President Trump on Tuesday said the controversy surrounding Kavanaugh’s nomination shows that it is a “scary time for young men,” he told the reporters on the South Lawn of the White House, the Hill reported.
“It is a very scary time for young men in America, when you can be guilty of something you may not be guilty of,” the president said, adding that it is “a very, very difficult standard.”
Senate Majority leader Mitch McConnell said on Tuesday that only senators will see the FBI’s final report. “We'll get an FBI report soon. It will be made available to each senator, and only senators will be allowed to look at it,” McConnell told reporters, adding that this is typical for such reports.
On the same day, Ford’s attorneys expressed concern in a letter to FBI Director Christopher Wray and FBI General Counsel Dana Boente that they hadn’t heard from the bureau since the investigation began. Debra Katz and Michael Bromwich, who are representing Ford, requested the contact information of the person leading the investigation.

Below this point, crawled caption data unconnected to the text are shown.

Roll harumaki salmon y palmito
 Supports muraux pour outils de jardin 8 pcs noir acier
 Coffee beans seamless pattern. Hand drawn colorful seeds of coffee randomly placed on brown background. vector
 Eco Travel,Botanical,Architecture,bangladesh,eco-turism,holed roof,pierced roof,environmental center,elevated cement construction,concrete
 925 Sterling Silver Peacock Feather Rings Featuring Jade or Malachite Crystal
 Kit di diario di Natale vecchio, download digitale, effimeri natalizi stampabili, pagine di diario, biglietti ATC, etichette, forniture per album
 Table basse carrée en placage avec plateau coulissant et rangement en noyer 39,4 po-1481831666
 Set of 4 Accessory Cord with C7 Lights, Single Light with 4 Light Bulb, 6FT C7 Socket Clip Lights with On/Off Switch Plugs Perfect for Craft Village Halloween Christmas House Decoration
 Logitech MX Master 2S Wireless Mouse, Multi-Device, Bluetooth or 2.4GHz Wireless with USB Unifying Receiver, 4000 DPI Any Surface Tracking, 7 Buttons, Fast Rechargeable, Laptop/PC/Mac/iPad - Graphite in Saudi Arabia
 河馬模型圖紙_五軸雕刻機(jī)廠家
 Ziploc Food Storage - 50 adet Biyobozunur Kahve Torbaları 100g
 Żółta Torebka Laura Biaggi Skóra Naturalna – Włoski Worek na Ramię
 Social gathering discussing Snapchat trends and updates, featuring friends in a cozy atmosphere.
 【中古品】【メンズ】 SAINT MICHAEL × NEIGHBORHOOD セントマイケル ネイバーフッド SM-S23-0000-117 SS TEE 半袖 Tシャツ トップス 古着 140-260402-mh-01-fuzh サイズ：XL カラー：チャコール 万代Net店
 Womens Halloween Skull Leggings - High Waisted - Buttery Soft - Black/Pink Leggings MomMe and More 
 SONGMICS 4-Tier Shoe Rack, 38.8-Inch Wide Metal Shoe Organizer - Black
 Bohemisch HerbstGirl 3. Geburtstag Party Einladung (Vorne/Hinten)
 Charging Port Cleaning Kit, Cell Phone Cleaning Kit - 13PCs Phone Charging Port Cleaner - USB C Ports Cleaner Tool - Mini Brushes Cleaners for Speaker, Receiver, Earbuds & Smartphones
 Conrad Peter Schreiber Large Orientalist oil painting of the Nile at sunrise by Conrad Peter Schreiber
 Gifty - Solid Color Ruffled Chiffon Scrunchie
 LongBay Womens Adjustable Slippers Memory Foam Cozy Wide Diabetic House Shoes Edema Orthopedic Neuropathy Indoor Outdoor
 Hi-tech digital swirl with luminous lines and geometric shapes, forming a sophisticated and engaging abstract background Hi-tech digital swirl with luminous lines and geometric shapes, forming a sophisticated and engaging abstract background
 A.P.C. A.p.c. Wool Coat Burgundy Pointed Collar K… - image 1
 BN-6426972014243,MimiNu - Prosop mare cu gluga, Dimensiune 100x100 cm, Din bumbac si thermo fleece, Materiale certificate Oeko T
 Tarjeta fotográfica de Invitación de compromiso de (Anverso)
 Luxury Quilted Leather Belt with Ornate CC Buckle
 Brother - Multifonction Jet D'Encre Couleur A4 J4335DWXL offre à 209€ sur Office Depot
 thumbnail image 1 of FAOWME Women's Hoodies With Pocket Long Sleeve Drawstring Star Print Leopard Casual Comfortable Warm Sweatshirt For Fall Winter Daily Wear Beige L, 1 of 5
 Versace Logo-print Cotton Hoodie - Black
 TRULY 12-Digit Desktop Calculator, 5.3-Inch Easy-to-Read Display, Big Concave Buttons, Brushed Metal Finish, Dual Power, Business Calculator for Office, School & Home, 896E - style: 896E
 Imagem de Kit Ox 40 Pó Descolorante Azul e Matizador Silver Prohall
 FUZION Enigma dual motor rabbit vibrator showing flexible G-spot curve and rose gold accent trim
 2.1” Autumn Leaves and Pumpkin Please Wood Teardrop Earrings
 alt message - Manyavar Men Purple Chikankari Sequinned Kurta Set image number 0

“It is inconceivable that the FBI could conduct a thorough investigation of Dr. Ford’s allegations without interviewing her, Judge Kavanaugh or the witnesses we have identified in our letters to you,” they said.
Meanwhile, two of Kavanaugh’s former classmates at Yale Law on Tuesday withdrew their support for his nomination in light of his public testimony. Michael Proctor and Mark Osler, who previously were among 27 of Kavanaugh’s classmates who backed his nomination, wrote in a letter to Senate Judiciary Committee Chairman Chuck Grassley that they could no longer support Kavanaugh because of “nature” of his testimony.
“In our view that testimony was partisan and not judicious and inconsistent with what we expect from a justice of the Supreme Court, particularly dealing with a co-equal branch of government,” they wrote. They also specifically mentioned that their decision wasn’t based on the allegations made by Ford.
Kavanaugh is accused of sexual misconduct in the 1980s by three women: Ford, Deborah Ramirez and Julie Swetnick. He has repeatedly denied all allegations, saying during his testimony last Thursday that they were a “calculated and orchestrated political hit.”